Monday, March 31, 2014

#622 Stalking a house on the Google

So, how did we come to own this 100-year-old Arts-and-Crafts airplane bungalow?

Here's how it happened.

Once upon a time in the 1990s, Kelly and I were driving around southwest Missouri, as we do.  We spied a cool bungalow down a side street and turned towards it.  (This happens more than you might think.) And that's when we fell in love.

We are so taken with the house that we ask our nearby family to let us know if it comes on the market.  Years go by, a decade or more, and then the unimaginable happens:  Google Street View comes to Aurora, MO.

From our home computer in Charlottesville, VA, we find this image.  It is a sign in more ways than one.
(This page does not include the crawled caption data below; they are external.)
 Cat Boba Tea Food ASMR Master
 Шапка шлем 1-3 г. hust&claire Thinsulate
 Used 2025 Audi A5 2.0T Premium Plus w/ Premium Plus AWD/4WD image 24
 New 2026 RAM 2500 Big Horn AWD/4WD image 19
Everyone knows that Google's imagery is not current, but the sign in the yard tells us the cool bungalow had recently been on the market.  We zoom in on the sign and contact the realtor to see if she has any interior photos that she'd be willing to share.  She does.  And not only that, she tells us the house had been taken off the market due to illness the previous year and it is soon to be relisted.  Another sign.

That was five years ago.

Yours in reading the signs,
Mary

Thursday, March 27, 2014

#621 Happy 100th birthday

Happy 100th birthday to this unique arts-and-crafts airplane bungalow in Aurora, MO!

The earliest reference we've found so far is this one line in the Aurora Advertiser from 13 February 1914:  "Louis Coleman is completing a beautiful bungalow on East College."
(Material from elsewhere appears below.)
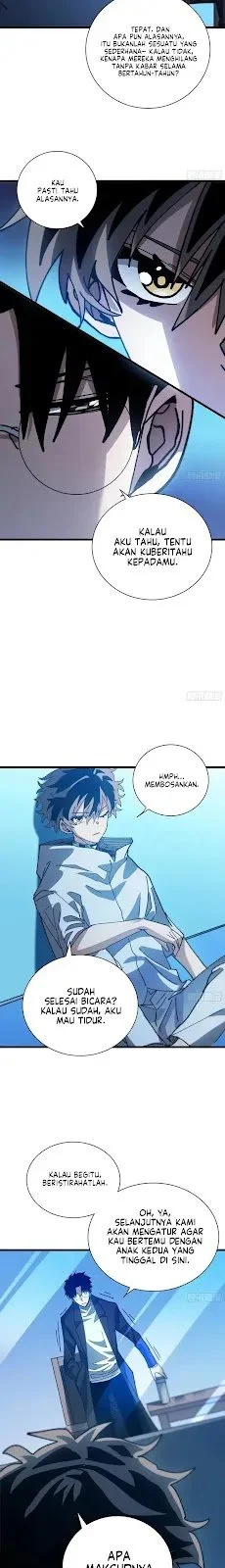 My Avatar Is Becoming the Final Boss (Remake) Chapter 38 - halaman 15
In the oldest Aurora neighborhood on a street filled with grand Victorian homes, we're thrilled that Marionville native Lewis Shaw Coleman Sr (1886-1934) broke the mold and built this divine structure.
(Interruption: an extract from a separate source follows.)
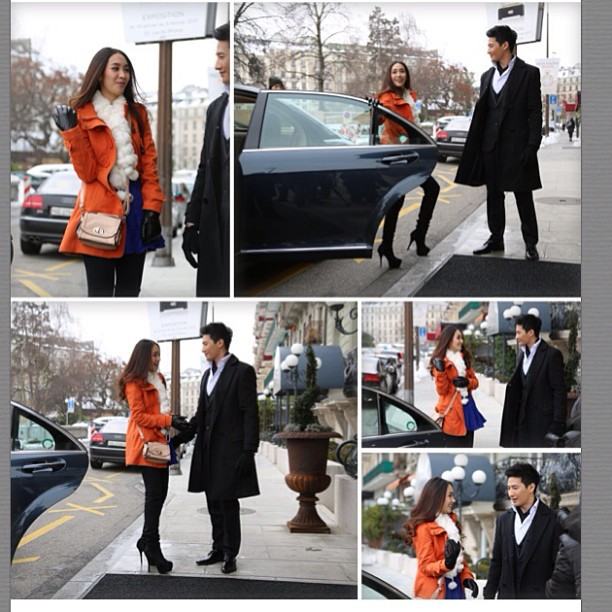 "คุณคุณชาย" ซินเดอเรลล่ารองเท้าแตะ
The second owners, O.E. and Linda Moore, purchased the home in 1930.  During their stewardship, the house was featured in the 1937 publication, Lawrence County in Pictures.
Lawrence County in Pictures, 1937

The house was then sold to the Duncan family in 1983, the Holmes family in 2004, and finally, the Johnston family in 2009.  We, the fifth owners, purchased the home after admiring it via surreptitious surveillance for more than a decade. 

Now, on to the real research.  Who was the architect?  Do the original plans still exist?  Was this a kit house?  This will be fun!